With the exception of decreased serum levels of complement factor C3, none of the traditional risk factors, such as total cholesterol, HDL- and LDL-cholesterol levels, diabetes, smoking history, systolic blood pressure, current medications, and serum concentration measurements, influenced CVD risk in this study cohort.

A total of 36 patients had plaque at baseline.

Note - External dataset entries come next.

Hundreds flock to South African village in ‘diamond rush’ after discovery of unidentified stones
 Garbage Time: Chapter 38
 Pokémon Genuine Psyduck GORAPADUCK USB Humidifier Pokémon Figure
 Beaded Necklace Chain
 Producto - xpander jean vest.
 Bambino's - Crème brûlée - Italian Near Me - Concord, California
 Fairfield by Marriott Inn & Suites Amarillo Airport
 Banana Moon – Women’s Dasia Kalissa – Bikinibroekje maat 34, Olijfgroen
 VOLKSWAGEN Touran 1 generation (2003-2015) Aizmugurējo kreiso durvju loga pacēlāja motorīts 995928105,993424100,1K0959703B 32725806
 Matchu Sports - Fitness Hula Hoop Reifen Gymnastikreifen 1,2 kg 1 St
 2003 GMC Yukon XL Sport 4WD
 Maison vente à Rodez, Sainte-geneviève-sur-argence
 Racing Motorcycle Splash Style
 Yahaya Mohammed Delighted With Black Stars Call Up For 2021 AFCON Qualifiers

Total plaque area greater than 16 mm2 (P =.028), 3 or more arterial bifurcations containing plaque (P =.009), and disease duration longer than 14 years (P =.043) were positively associated with CVD risk.

Limitations of the study included the small sample size, failure to collect body mass index (BMI) and cumulative corticosteroid dose at baseline, and lack of generalizability to other patient populations.

The researchers suggested that existing preventive measures to lower blood pressure and cholesterol levels may effectively reduce occurrence of future cardiovascular events in high-risk patients with SLE.

They also stated, “The very strong predictive value of [total plaque area] and number of bifurcations with plaque…leads us to suggest that vascular ultrasound scanning may have a place in assessing CVD risk in patients with SLE.”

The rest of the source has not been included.